The FLARE Act expands federal grant eligibility to provide fire departments with the tools and training necessary to suppress lithium-ion battery thermal runaway fires.
Dina Titus
Representative
NV-1
The FLARE Act enhances firefighter safety by expanding federal grant eligibility to include the procurement of specialized tools for suppressing lithium-ion battery fires. The bill establishes formal definitions for lithium-ion batteries and thermal runaway, ensuring fire departments have the necessary resources to address these increasingly common and dangerous incidents.
The FLARE Act, or the Firefighter Lithium-ion Awareness and Readiness Enhancement Act, updates the Federal Fire Prevention and Control Act to give local fire departments a clearer path to funding specialized equipment. Specifically, it expands the list of eligible uses for federal grants to include the suppression of fires resulting from 'thermal runaway.' By formally defining these high-heat chemical reactions in federal law, the bill ensures that when your local fire station applies for a grant, they can explicitly ask for the expensive, specialized tools needed to handle the unique dangers of modern battery fires.

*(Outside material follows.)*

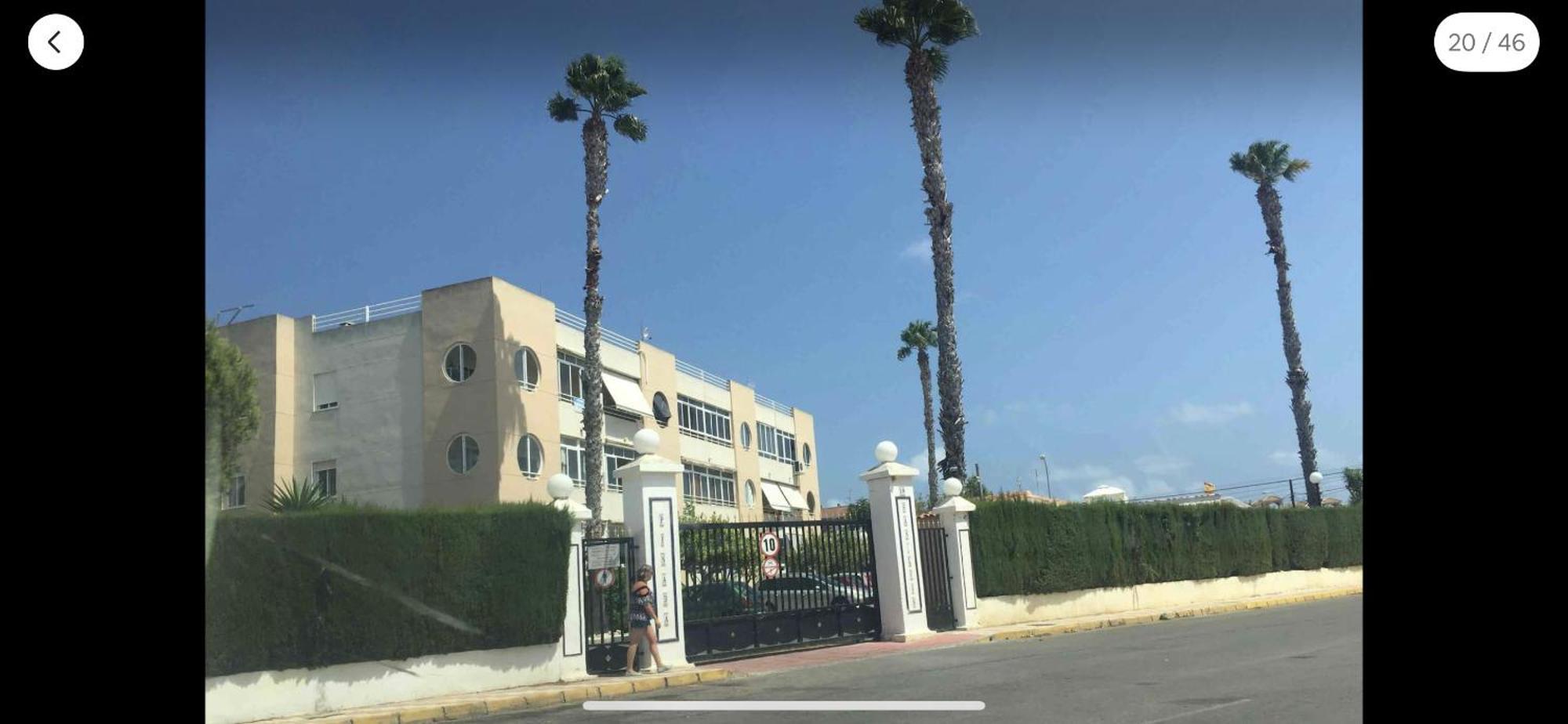 Tres Beau T4 Torrevieja Renove Et Moderne Apartment Luaran gambar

As we pack our homes and garages with e-bikes, electric vehicles, and backup power walls, the nature of fire risk is changing. Traditional water hoses often aren't enough for a lithium-ion battery in 'thermal runaway'—a process defined in Section 2 as an uncontrolled increase in temperature caused by internal chemical reactions. For a firefighter on the ground, this means a fire that is harder to put out and prone to reigniting hours later. By adding 'suppressing fires resulting from thermal runaway' to the allowable grant uses under Section 33(d)(3)(E), the bill allows departments to modernize their inventory without draining local tax budgets.
The bill doesn't just throw money at the problem; it creates a technical roadmap. It defines a lithium-ion cell as a rechargeable battery where electrodes are intercalation compounds, specifically excluding smaller consumer batteries already covered by certain transport regulations. This precision matters for your local fire chief: it means they can point to specific federal definitions when justifying the purchase of heavy-duty cooling blankets, specialized nozzles, or large-scale water penetration tools. It turns a vague need for 'better gear' into a specific, legally recognized requirement for handling 21st-century hazards.
For the average person, this bill is about ensuring the crew that shows up to a garage fire has more than just a standard toolkit. If you live in a dense apartment complex with an e-bike charging room or a suburban home with an EV in the driveway, the FLARE Act helps ensure your local responders aren't fighting new-age fires with old-age equipment. By aligning federal grant eligibility with the reality of modern technology, the bill aims to reduce the time it takes to neutralize battery fires, potentially preventing them from spreading to neighboring homes or businesses.